I spent some time experimenting with PostgresSQL’s full-text search functionality, which has been available to some degree since v8.3. If Postgres is already being used as a data store, this functionality is attractive as it provides a simple way to implement non-trivial search without the need to build out additional infrastructure and code (e.g. an Elasticsearch cluster + application code to load data into Elasticsearch and keep it up-to-date).

I experimented with basic querying and ranking using the Lexiio database, the definitions table in particular provides a good dataset to work with, containing 604,076 term definitions.

Querying

Below is a sample query where we search for the phrase “to break into small pieces”, rank each item in the result set, and order the results based on their rank.

SELECT id, definition
FROM definitions
WHERE to_tsvector('english', definition) @@ plainto_tsquery('english', 'to break into small pieces')

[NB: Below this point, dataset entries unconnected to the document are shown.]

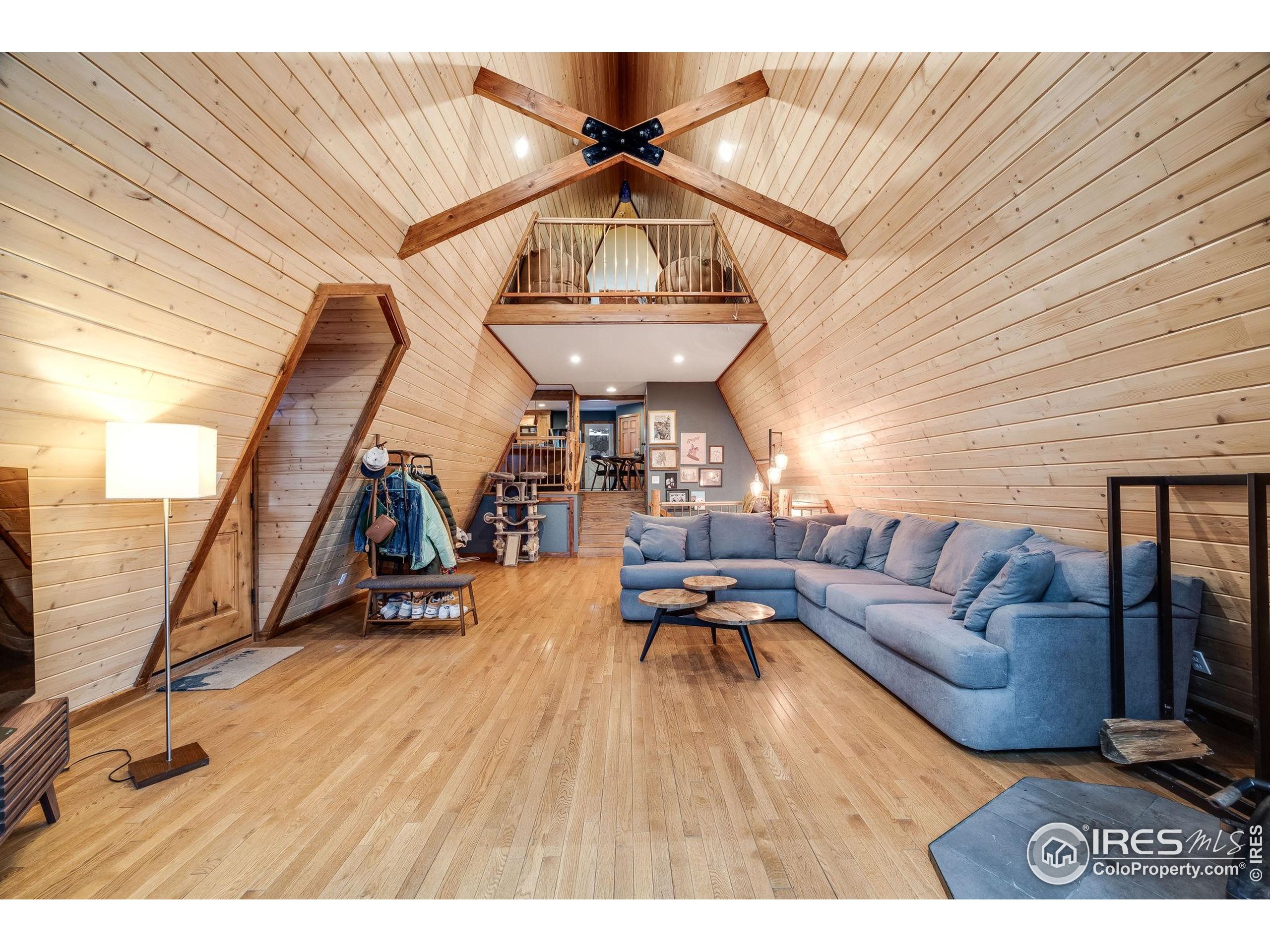 46 Apache Road Evergreen, CO 80439 - Photo 6 of 39 a living room with furniture and a wooden floor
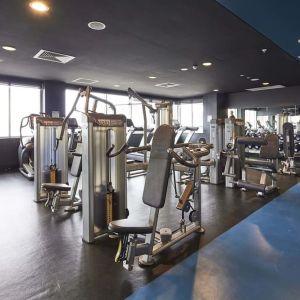 Fitness center at Rydges Sydney Airport Hotel.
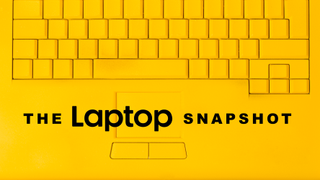 A yellow laptop keyboard with "The Laptop Snapshot" overlayed on it in black.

Understanding this query is mostly about understanding some vendor-specific SQL.

  • The tsvector type represents is a sorted list of lexemes. to_tsvector(…) is a function to convert raw text to a tsvector.
  • The tsquery type represents lexemes to be searched for and the operators combining them. to_tsquery(…) is a function to convert raw text to a tsquery.
  • @@ is the match operator, this is a binary operator which take a tsvector and a tsquery

PostgreSQL full-text search query

To get a better understanding of of these types, it can be helpful to run the conversion functions with a few phrases.

SELECT to_tsvector('english', 'to break into small pieces');

"'break':2 'piec':5 'small':4"
SELECT plainto_tsquery('english', 'to break into small pieces');

"'break' & 'small' & 'piec'"

Ranking

The ranking of a full-text search match can be computed with either ts_rank(…), which provides a standard ranking, or ts_rank_cd(…), which gives a coverage density ranking (where ranking is also based on term proximity and cooccurrence, as described in “Relevance ranking for one to three term queries”).

SELECT
id,
definition,
ts_rank(
to_tsvector('english', definition),
plainto_tsquery('english', 'to break into small pieces')
)
AS rank
FROM definitions
WHERE to_tsvector('english', definition) @@ plainto_tsquery('english', 'to break into small pieces')
ORDER BY rank DESC

Higher rank values correspond to more relevant search results.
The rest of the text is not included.